→ What you are asked to do:
Below are records; extract exactly the lines from the one containing "楽天市場】HYSTERIC GLAMOUR HYS" through the last, both included, and keep the pictures out.

** Opening Dataset content block **

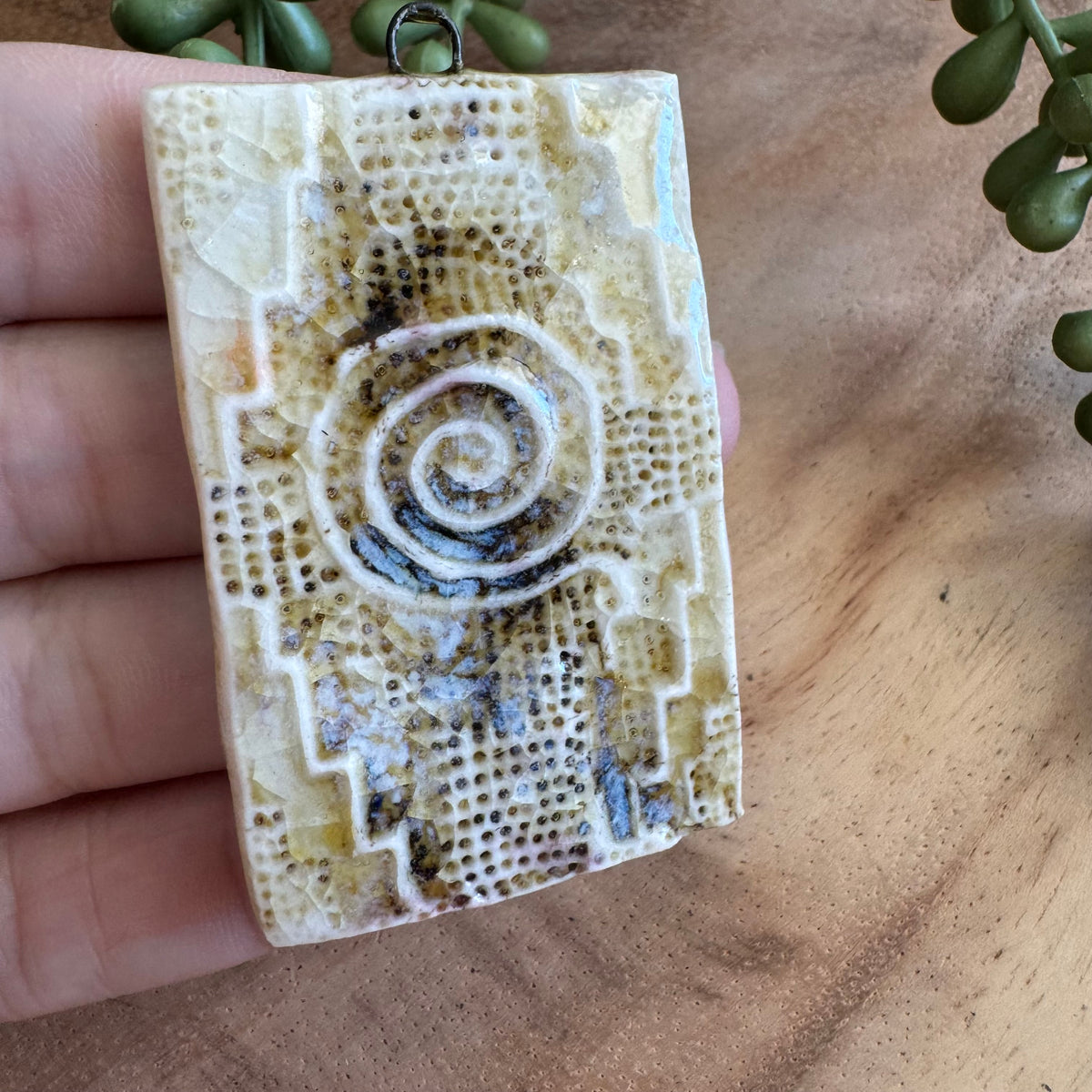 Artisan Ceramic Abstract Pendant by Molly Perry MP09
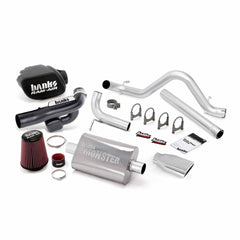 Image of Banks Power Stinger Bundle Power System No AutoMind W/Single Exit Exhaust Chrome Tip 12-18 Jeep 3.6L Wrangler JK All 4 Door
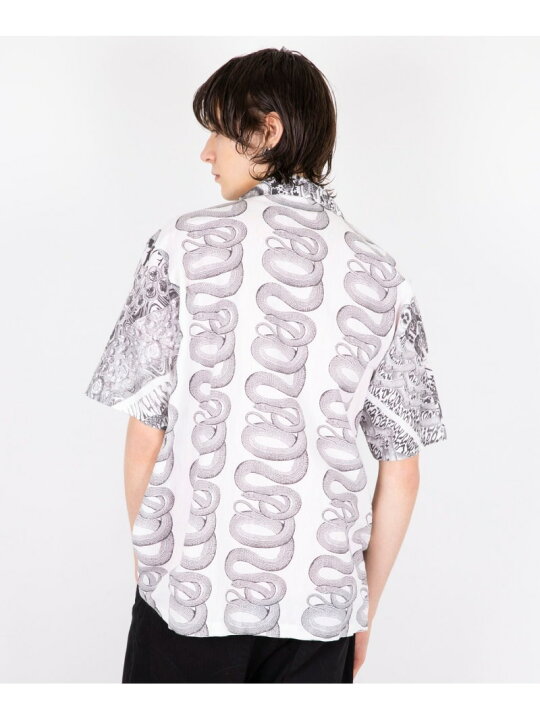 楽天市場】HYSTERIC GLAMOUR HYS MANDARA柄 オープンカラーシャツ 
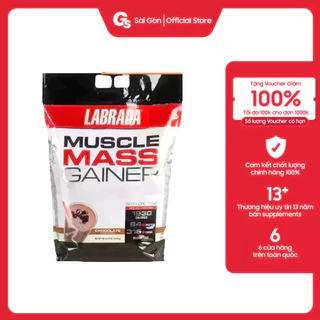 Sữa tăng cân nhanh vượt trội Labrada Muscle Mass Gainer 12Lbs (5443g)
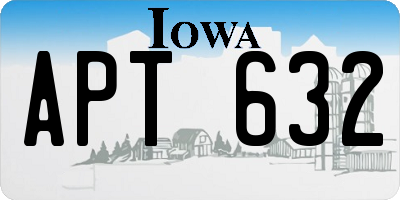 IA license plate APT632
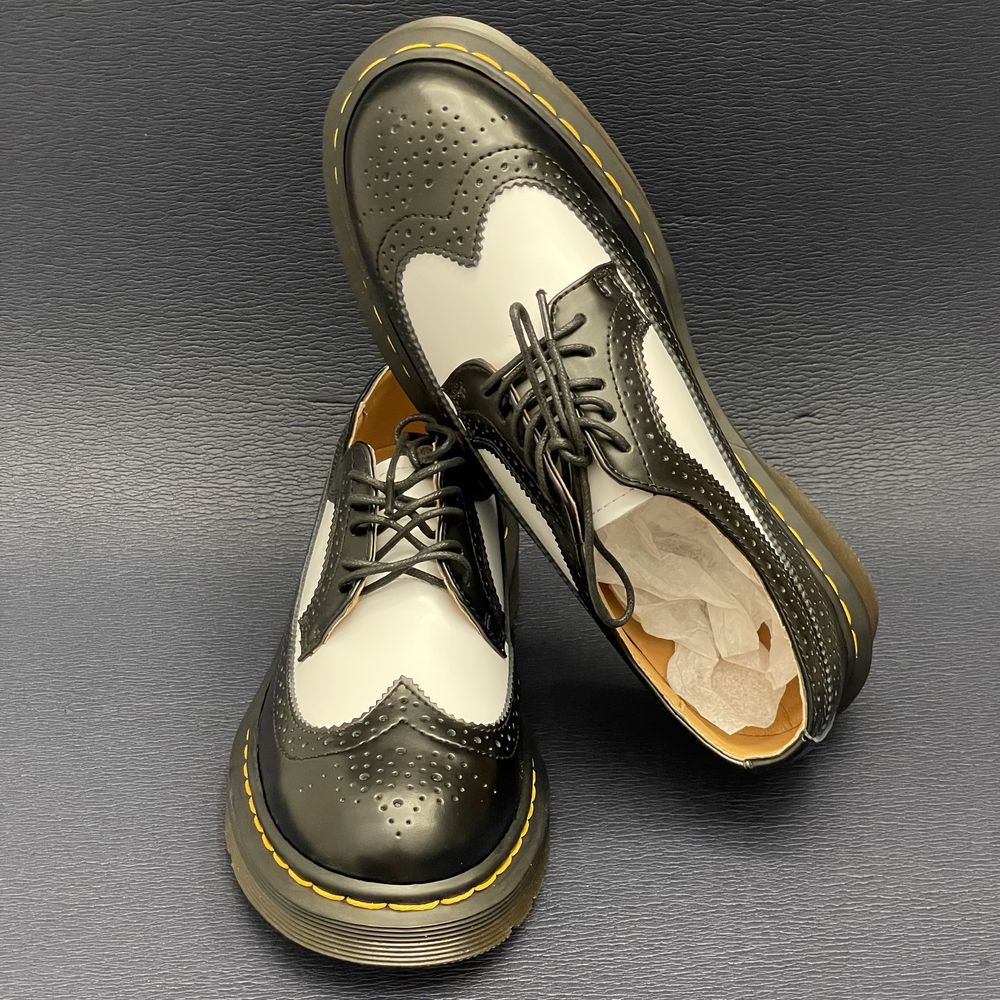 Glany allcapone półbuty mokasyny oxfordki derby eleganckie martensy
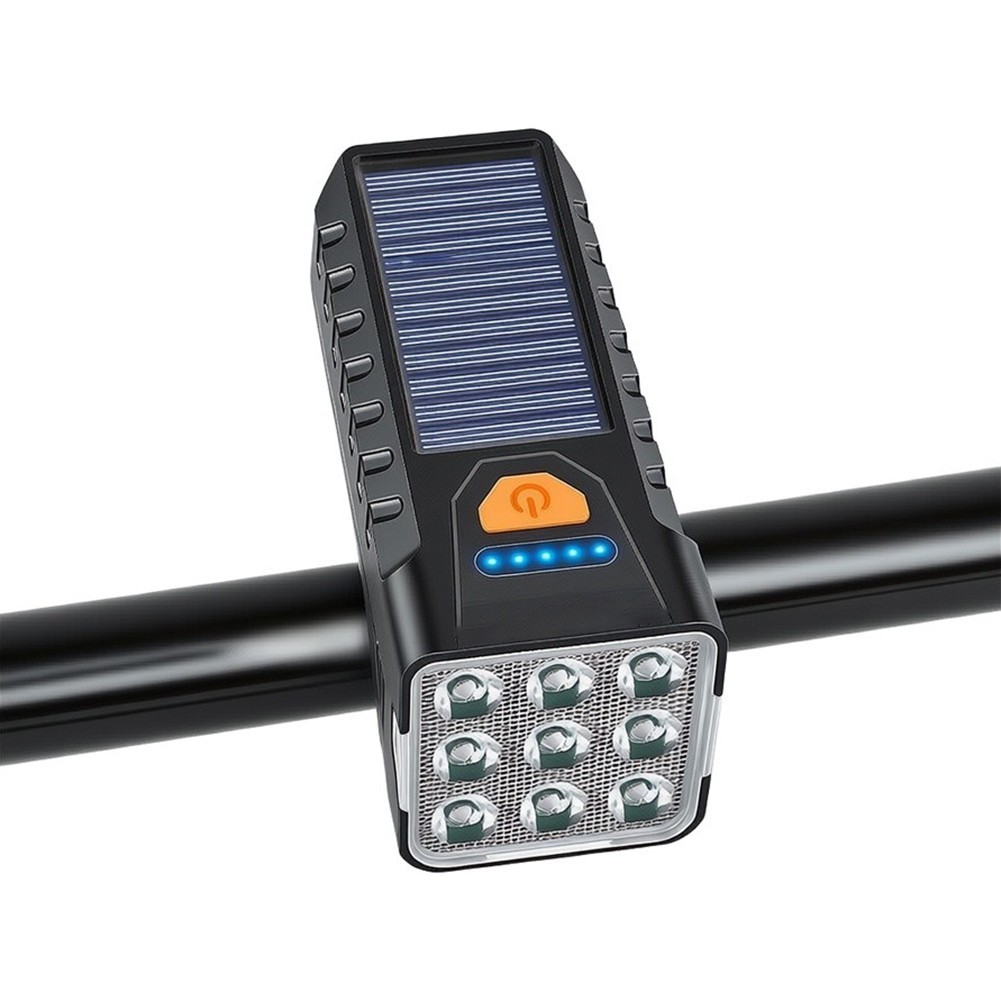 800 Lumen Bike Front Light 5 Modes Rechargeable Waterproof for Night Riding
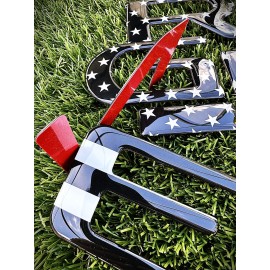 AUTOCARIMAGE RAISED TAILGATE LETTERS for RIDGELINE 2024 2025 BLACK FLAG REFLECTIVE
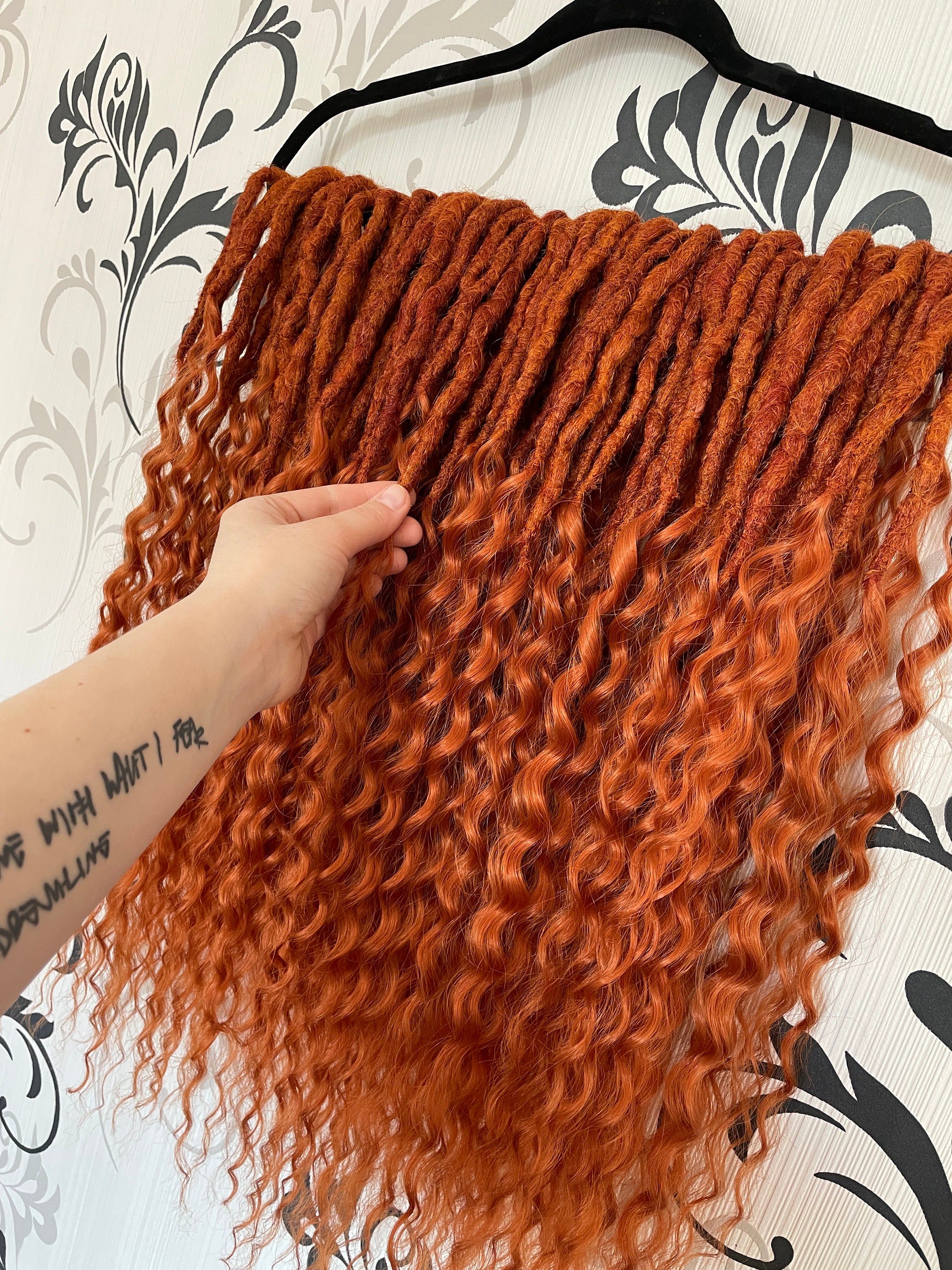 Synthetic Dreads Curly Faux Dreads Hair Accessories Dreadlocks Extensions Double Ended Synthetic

** Closing Dataset content block **

→ Exercise response:
 楽天市場】HYSTERIC GLAMOUR HYS MANDARA柄 オープンカラーシャツ 
 Sữa tăng cân nhanh vượt trội Labrada Muscle Mass Gainer 12Lbs (5443g)
 IA license plate APT632
 Glany allcapone półbuty mokasyny oxfordki derby eleganckie martensy
 800 Lumen Bike Front Light 5 Modes Rechargeable Waterproof for Night Riding
 AUTOCARIMAGE RAISED TAILGATE LETTERS for RIDGELINE 2024 2025 BLACK FLAG REFLECTIVE
 Synthetic Dreads Curly Faux Dreads Hair Accessories Dreadlocks Extensions Double Ended Synthetic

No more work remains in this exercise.